Present: All the Justices

GERALD M. MOORE AND SON, INCORPORATED

v.   Record No. 951365        OPINION BY JUSTICE ELIZABETH B. LACY
                                      March 1, 1996
JOSEPH S. DREWRY, JR., AND
DREWRY AND ASSOCIATES, INCORPORATED

       UPON A QUESTION OF LAW CERTIFIED BY THE UNITED STATES
              COURT OF APPEALS FOR THE FOURTH CIRCUIT


      Pursuant to our Rule 5:42, the United States Court of

Appeals for the Fourth Circuit certified a question of Virginia

law to this Court which we accepted by order entered September

22, 1995.   The question involves the application of the economic

loss doctrine to an award of damages for negligent performance of

a contract in the absence of privity.
      The following facts are set forth in the Court of Appeals'

order of certification.   Gerald M. Moore and Son, Inc. (Moore)

owns and operates an industrial plant in Nassawadox, Virginia.

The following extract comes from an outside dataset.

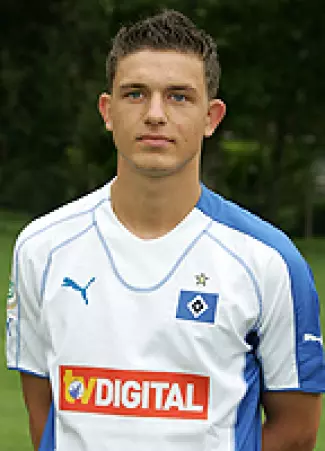 Schoss ein Tor: Ken Reichel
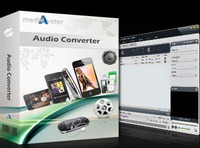 Image of AVT000 mediAvatar Audio Converter Pro for Mac ID 4537723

In 1990, Moore entered into a contract with an engineering firm,

Drewry and Associates, Inc. (D&A), to engineer, design, and

furnish a reduction furnace for Moore's use in the process of

thermal remediation of petroleum contaminated soil.   The contract

was signed by Joseph S. Drewry, Jr., as president of D&A.     Drewry

performed all the engineering work required by the contract.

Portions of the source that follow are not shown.